Archivos Mensuales: agosto 2018

Del infierno con amor.

Empiezo de nuevo. Debe ser el tercer documento que borro sin pensarlo, que no me hace falta releer para saber que no me gustó. Últimamente no me gusta nada. En estos meses escribí mucho para mí pero eso es incomprobable y aburridísimo. Quién sabe si en realidad una vez por día me senté a escribir unas líneas solo por costumbre o en realidad hace seis meses que lo único que me sale son tuits mal escritos. Nadie podría nunca comprobarlo y eso me preocupa. Porque así, al final, tampoco puedo comprobarlo yo. Es real o es algo que me digo a mi misma para creer que lo estoy haciendo. Tranqui, posta, nunca dejo de escribir. Y entre tanto decirlo me convencí. O quizás sí lo haga. Quizás metódicamente todos los días a las siete de la tarde escriba al menos seis líneas que digan algo, lo que sea, no interesa porque solo importa escribir y no perder la costumbre. Pero como ya dije: incomprobable. Lo que puedo comprobar es que escribir para mí misma es aburridísimo, no me enseña nada, no me deja ningún sentimiento vivo ni me da la adrenalina que me genera la mirada ajena sobre las letras que junto para armar palabras. Escribir para mí no es catártico. Al final siempre escribimos para los demás. Yo escribo para salvarme de mi misma del infierno mientras a ustedes los convenzo que acá abajo, en el subsuelo del mundo, se está muy bien.

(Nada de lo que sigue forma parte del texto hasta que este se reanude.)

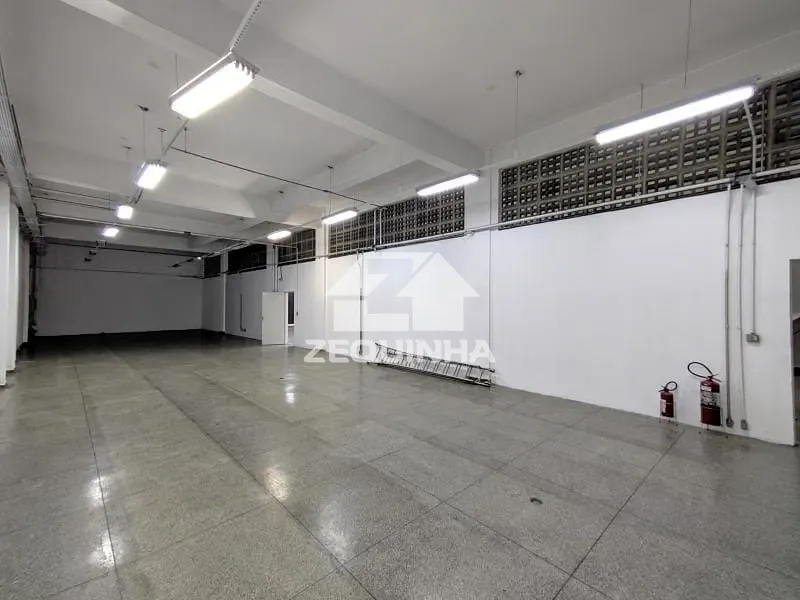 Prédio Inteiro, 2200 m² - Foto 8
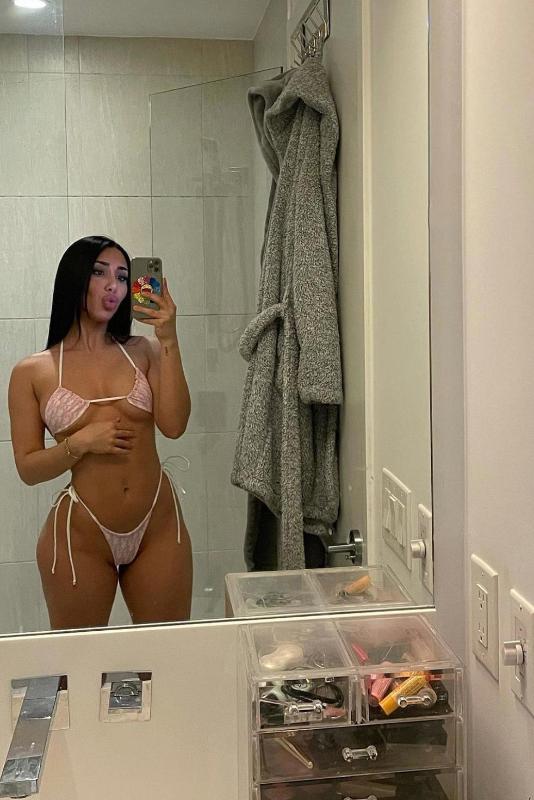 🍒🍀🌸text me (309) 233-9670 🍒🍀🌸My snap is @shilekun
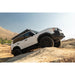 DV8 Offroad | 2024+ Toyota Land Cruiser | Centric Front Bumper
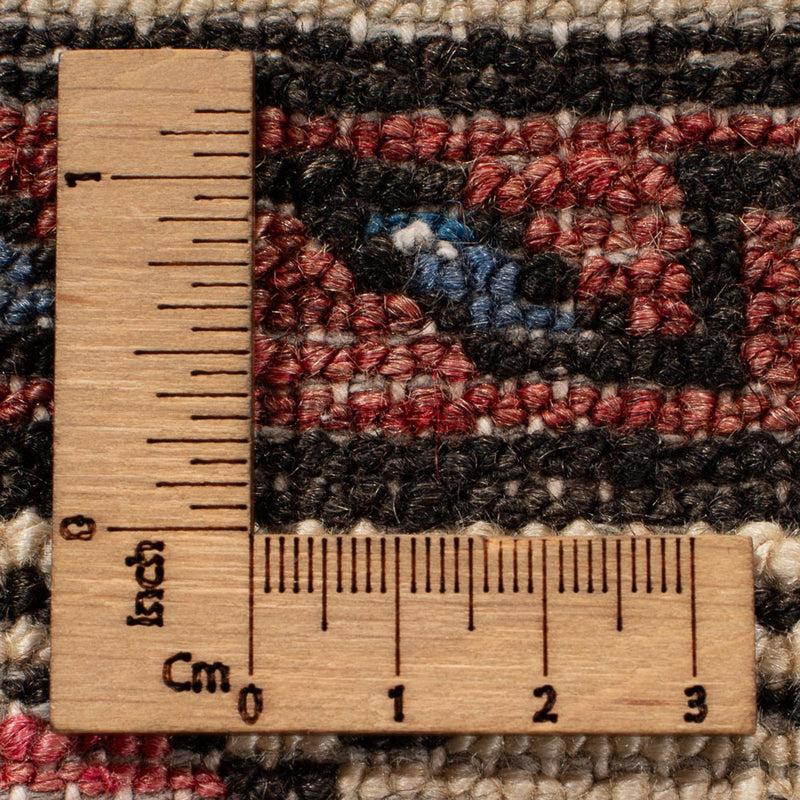 Hosseinabad Tapete 194x136cm - Tapete persa
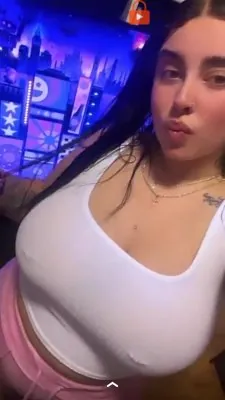 Mamacitaaxo OnlyFans слив фото 23 OnlyFans 2026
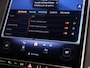 Mercedes-Benz EQE 300 Business Solution AMG 90 kWh | Panoramisch schuifdak | Burmester | AIRMATIC | MBUX augmented reality | Premium Pakket | Akoestisch comfortpakket |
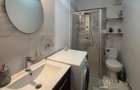 Apartament 2 camere Gheorgheni - 4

Por ahora no sentí la necesidad de borrar así que puedo seguir escribiendo. Desde que me encontré – o que le puse nombre – a esa parte mía que me hace hacer todo rápido, perfecto e impecable, que no me deja pensar mucho, que  me corre cuando quiero estar tranquila, que me desaloja de mí para tomar ella la posesión de mi cuerpo, me resulta mucho más difícil lograr algo de lo que esté orgullosa. Hace demasiado tiempo que dejo todo por la mitad, tirado en algún rincón, juntando telaraña. No hago nada porque si no lo puedo hacer perfecto igual no va a servir. Entonces para qué. Eso me repito casi siempre: para qué. Qué quiero hacer, qué quiero pensar, qué quiero mostrar, qué qué qué qué. Entonces nada. Entonces el silencio. Entonces el calor de vivir en pleno infierno, que es abrazador pero soportable. Tengo una casita con pileta en este subsuelo habitable que es, generalmente, mi cabeza.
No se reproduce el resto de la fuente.